We are in support, and understand its value, of the three basic levels of government: federal, provincial and municipal. If that’s where it stopped, it would be more palatable.
There are overlapping, built-into-the-system levels of government we need to have a closer look at, however.
When we choose our city or town councillors in Parksville or Qualicum Beach, it would be nice if any and all stipends and compensation they received were directly related to city or town business. Alas, that is not true.
Both Parksville and Qualicum Beach councillors send a representative to the board of directors for the Regional District of Nanaimo. So, a Qualicum Beach town councillor is paid to sit at meetings and provide input on issues that arise in Cedar or Whiskey Creek or Bowser.
It doesn’t stop there.
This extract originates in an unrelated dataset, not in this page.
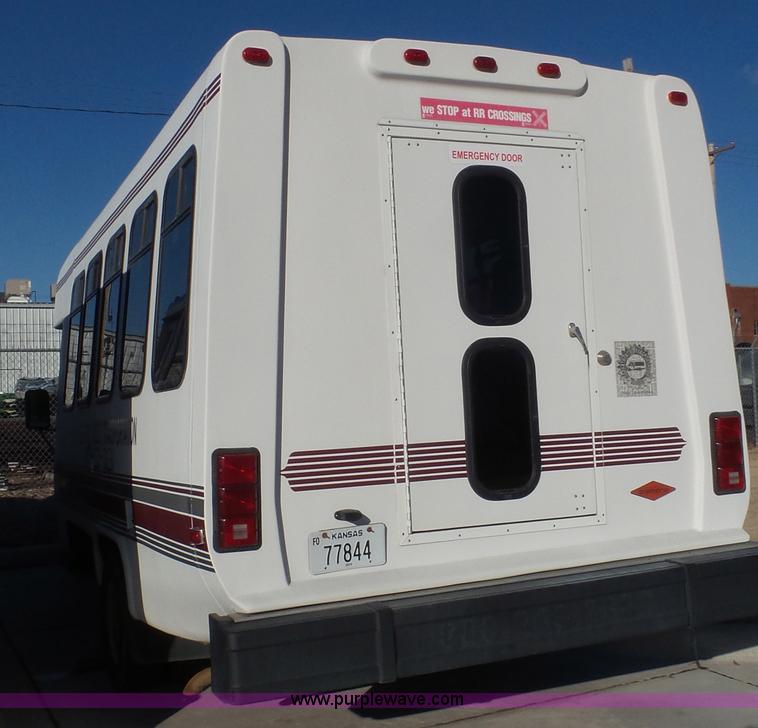 image for item K6972 2000 Ford Econoline E450 bus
There are numerous boards and advisory panels councillors sit on — economic alliances and others — that also cost that one taxpayer some dough and, in our minds, provide little in return.
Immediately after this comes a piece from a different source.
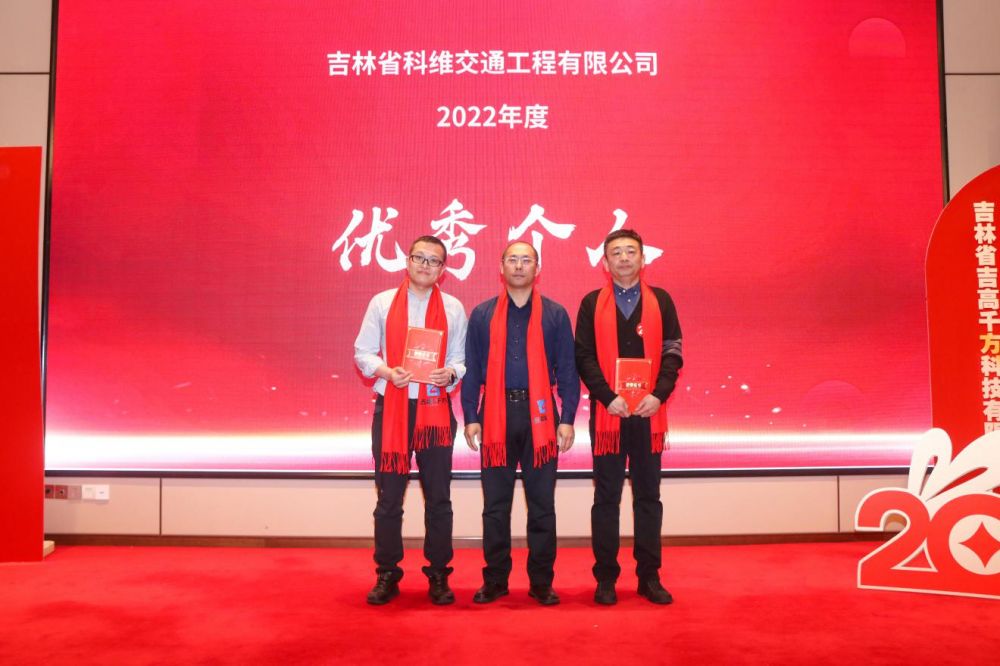 組織開(kāi)展拓展培訓(xùn)會(huì)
The system is set up in a way that requires input on the RDN board from Parksville and Qualicum Beach. Transit, for example, is a regional responsibility. We get that, but we have to ask: why can’t the regional transit authority make direct representation to the towns and cities when they need to make changes or want increased funding?
The RDN provides the only direct representation for the taxation levied in places like Errington, Coombs and Deep Bay. That is important, clearly. But why does Nanaimo, Parksville and Qualicum Beach need to be part of that governance? Yes, there are responsibilities that are the RDN’s purview and have an effect on all of us, but just because it has been set up that way doesn’t mean it can’t be dismantled. It’s time to re-think, and streamline, the way we are governed.
And don’t even get us started on the illogical geography that tells us San Pareil isn’t part of Parksville.